String builder question 2

[PeteG]

Hi,
Does VBA have an object or function similar to StringBuilder in java or StringBuffer in c#? Basically, some way, in code, to append to a String rather than multiple "stringa = stringa + stringb" statements? Come to think of it, does anybody know if VBA has the same memory behaviour which makes these java/c# objects worthwhile, if not then I guess there would not be much point in having a StringBuilder-style object?
Thanks
Pete

 

[PHV]

What's wrong with "stringa = stringa & stringb" ?

Hope This Helps, PH.
FAQ219-2884
FAQ181-2886

 

[PeteG]

In java/c#, using StringBuilder/Buffer is a more efficient use of memory; one object created as opposed to creating multiple new String objects. I was wondering if the same memory behaviour exists with VBA and, if so, whether there is a ready-made solution to deal with it.
Thanks.

 

[xlbo]

not as far as I know

Rgds, Geoff

We could learn a lot from crayons. Some are sharp, some are pretty and some are dull. Some have weird names and all are different colours but they all live in the same box.

Please read FAQ222-2244 before you ask a question

 

[PeteG]

OK, many thanks for the replies

 

[shVBA]

you could just use one variable

string a = "whatever"
stringa = stringa & " Whatever else"

etc

just a thought....

 

[fumei]

one object created as opposed to creating multiple new String objects."

But appending actual strings does not create new objects.

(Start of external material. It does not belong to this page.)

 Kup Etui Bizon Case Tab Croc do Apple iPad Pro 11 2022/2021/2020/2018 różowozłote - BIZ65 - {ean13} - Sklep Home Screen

Appending different objects means there ARE differnt objects.

stringA = atringA & "yadda" still is one object

stringA = stringA & stringB yes is two objects, but that is because there are two objects.

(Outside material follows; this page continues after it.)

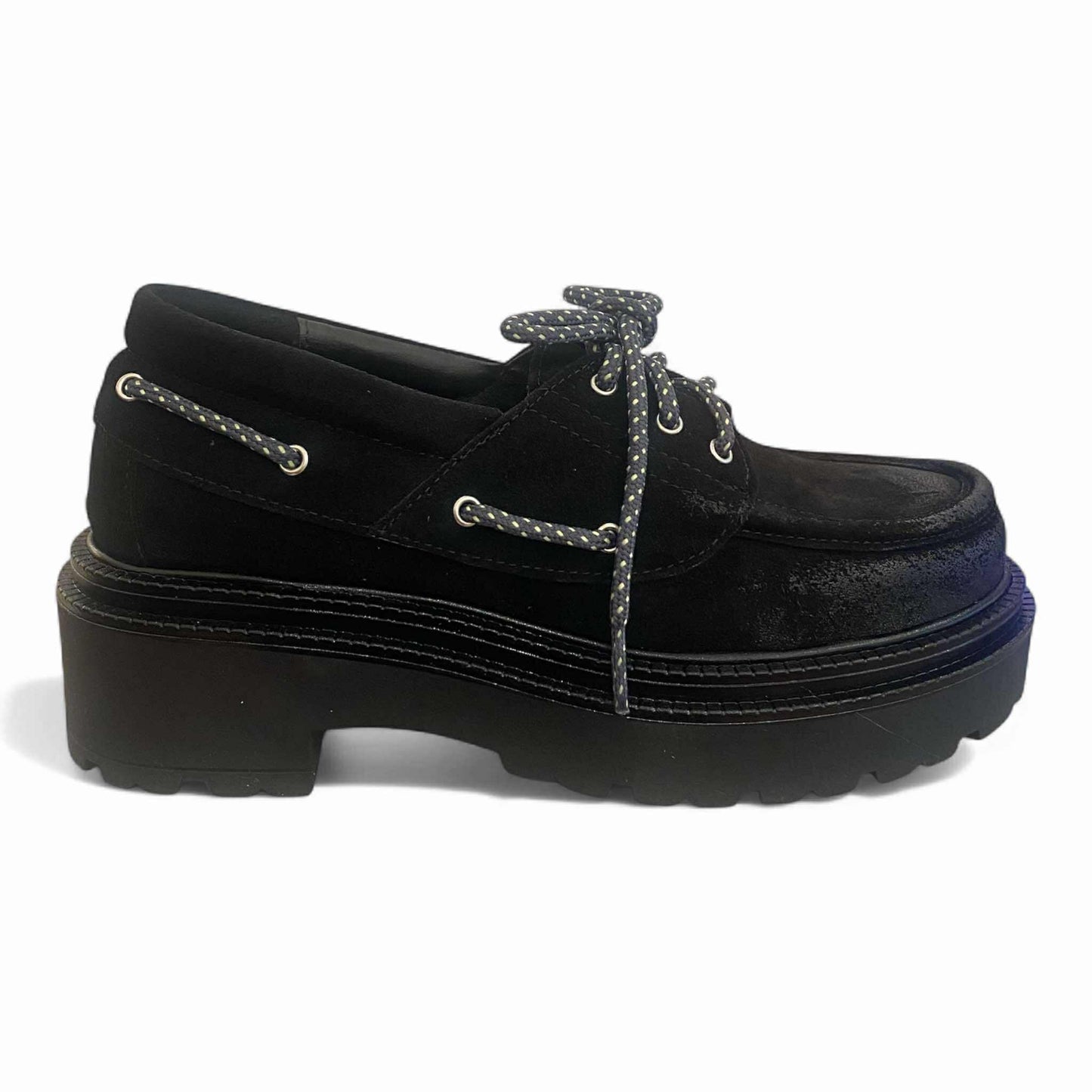 Modello barca fondo platform in crosta nera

I do not know StringBuilder. How does it append using one object?



faq219-2884

Gerry
My paintings and sculpture

 

[PeteG]

Typically, like this:

StringBuilder sb = new Stringbuilder()
sb.append("This text")
sb.append("and then this")

There are other methods available for further manipulation and the string value could then be returned using sb.toString()

In java, if you coded:

stringa = stringa + "This text"
stringa = stringa + "and then this"

you would be creating a new String object on each line, albeit the superfluous ones would be garbage-collected at some point. It's just not very efficient when there is something better.

I've been away from VBA for quite some time - just getting back into it now. However, I think it's safe to say that VBA String and java String are two very different things and there is simply no need for a StringBuilder-type object in VBA.

 

[strongm]

>But appending actual strings does not create new objects

I'm afraid that it does. VB and VBA allocate a new area of memory big enough for the concatenated string, perform the concatenation into this area of memory, and then changes the pointer (that a VB string variable represents) to point to it.

In fact, whenever you modify a string a new block of memory is allocated and the modified string is created in that new block, and the pointer then changed. It is one of the reasons that VB(A) string operations are relatively slow.

(Note that the String object in .NET does essentially the same thing)

This could should help illustrate:

[blue]

    Dim string1 As String
      
    ' Demonstrate with append
    string1 = "Hello"
    Debug.Print VarPtr(ByVal string1)
    string1 = string1 + " there"
    Debug.Print VarPtr(ByVal string1)
    
    Debug.Print
    
    ' Demonstrate with an operation that doesn't even modify the source string
    string1 = "Hello"
    Debug.Print VarPtr(ByVal string1)
    string1 = Left$(string1, Len(string1)) ' we won't even modify it ...
    Debug.Print VarPtr(ByVal string1)[/blue]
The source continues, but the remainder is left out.